Konkret beabsichtigt wird die Realisierung einer bedarfsgerechten und flächendeckenden passiven Breitbandinfrastruktur auf der Basis eines FTTC-Ansatzes (fibre to the curb) durch Erschließung der örtlichen Kabelverzweiger durch die BBKGG. Privathaushalte und Gewerbebetriebe im Ausbaugebiet sollen dadurch mit schnellen Breitbandanschlüssen versorgt werden. Hierbei sollen mindestens 90% der erreichbaren Hausanschlüsse je Gemeinde gemäß vorstehender Auflistung mit 50 MBit/s und mindestens 98% mit mehr als 25 MBit/s versorgt werden.

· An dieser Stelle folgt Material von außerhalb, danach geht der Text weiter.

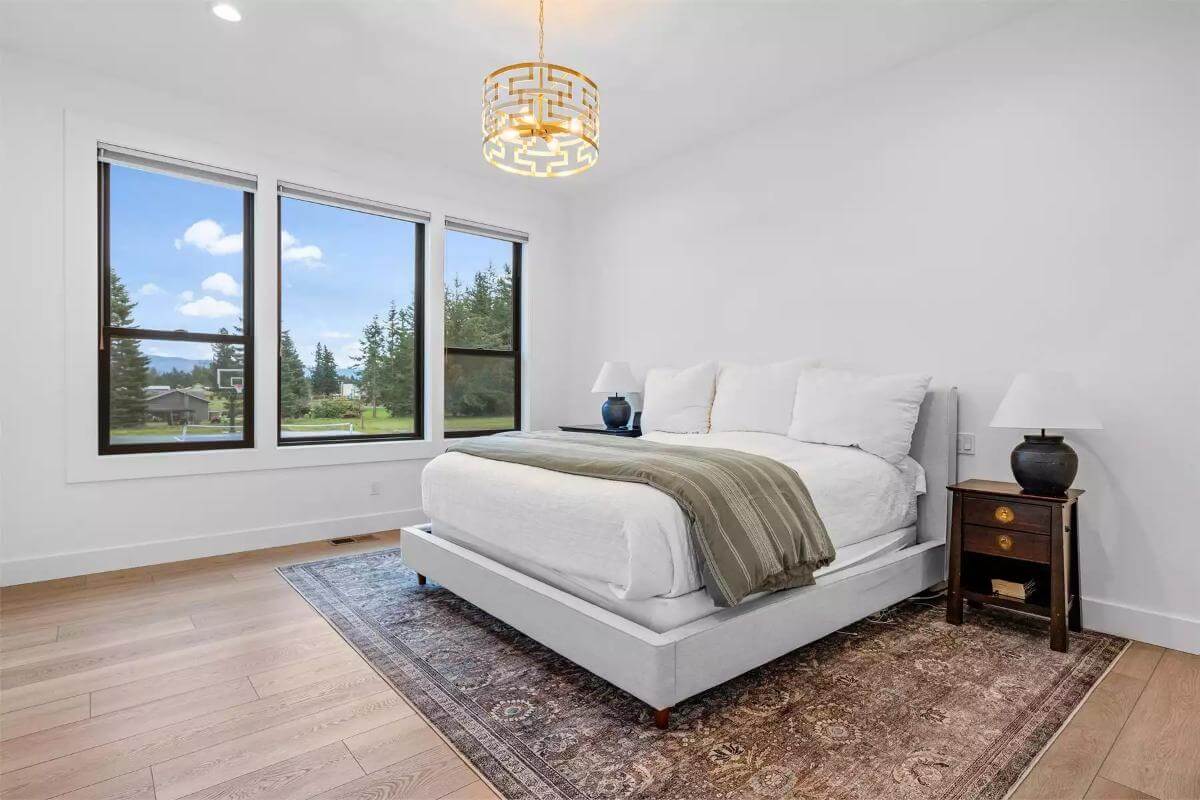 Primary bedroom with an upholstered bed and dark wood nightstands over the vintage area rug.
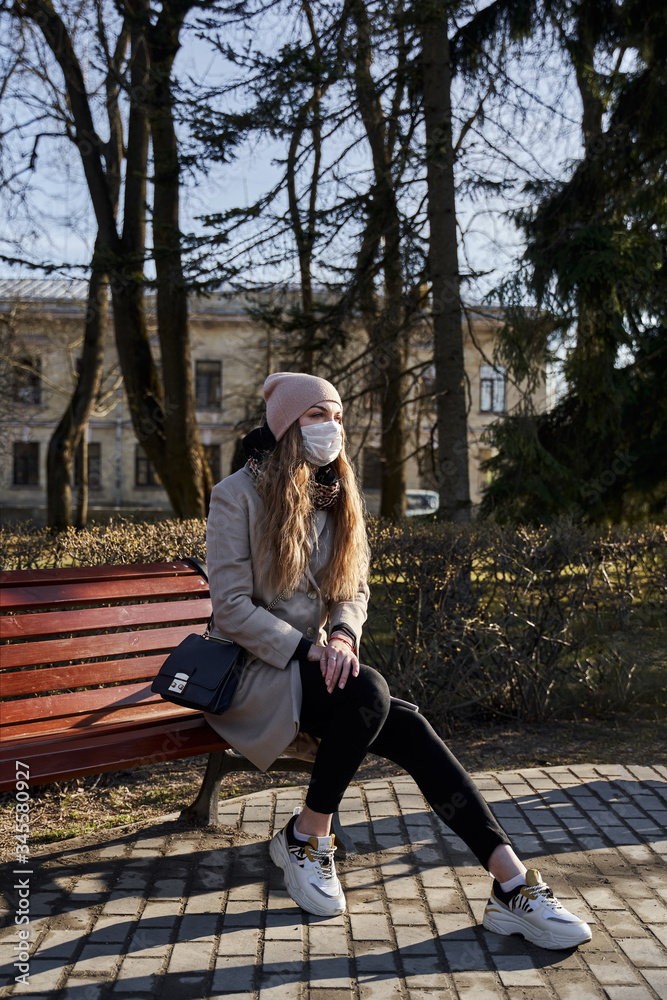 The blonde in a hat and coat in white shoes with a bag in a medical protective mask sits on a bench in the park. she basks in the sun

Ferner soll die zu errichtende passive Breitbandinfrastruktur so ausgestaltet sein, dass diese zu einem späteren Zeitpunkt zu einer noch höheren Qualitätsstufe (z.B. FTTB/FTTH) ausgebaut und erweitert werden kann. Insoweit gilt es auch sicherzustellen, dass mit Anschluss weiterer Teilnehmer keine Bandbreitenverringerung für die übrigen Nutzer einhergehen wird. Zudem sollen auf einer ggf. bei der BBKGG verbleibenden Teilinfrastruktur auch öffentliche Einrichtungen (Behörden, Schulen) an die Breitbandinfrastruktur angeschlossen werden können. Die BBKGG wird nach Maßgabe der Vorgaben des Betreibers auch die passive Infrastruktur für die Anbindung dieses Verteilnetzes an einen entsprechend leistungsfähigen Netzknoten erstellen und mit dem Verteilnetz gegen Pacht überlassen.
Die Ausbautätigkeiten werden die Planung, Verlegung sowie Dokumentation der passiven Breitbandinfrastruktur (Leerrohrverlegung mit entsprechenden Schächten sowie Einblasen von Glasfaserkabeln, Bereitstellung von Multifunktionsgehäusen etc.) umfassen.
Die BBKGG behält sich vor, nach Maßgabe der rechtlichen Vorgaben bzw. bei einer auf Grundlage der Verhandlungen deutlich werdenden Unwirtschaftlichkeit das NGA-Netz im Kreisgebiet insgesamt nicht zu realisieren bzw. die Maßnahme auf dann im Rahmen der Verhandlungen zu spezifizierende Teilregionen zu beschränken.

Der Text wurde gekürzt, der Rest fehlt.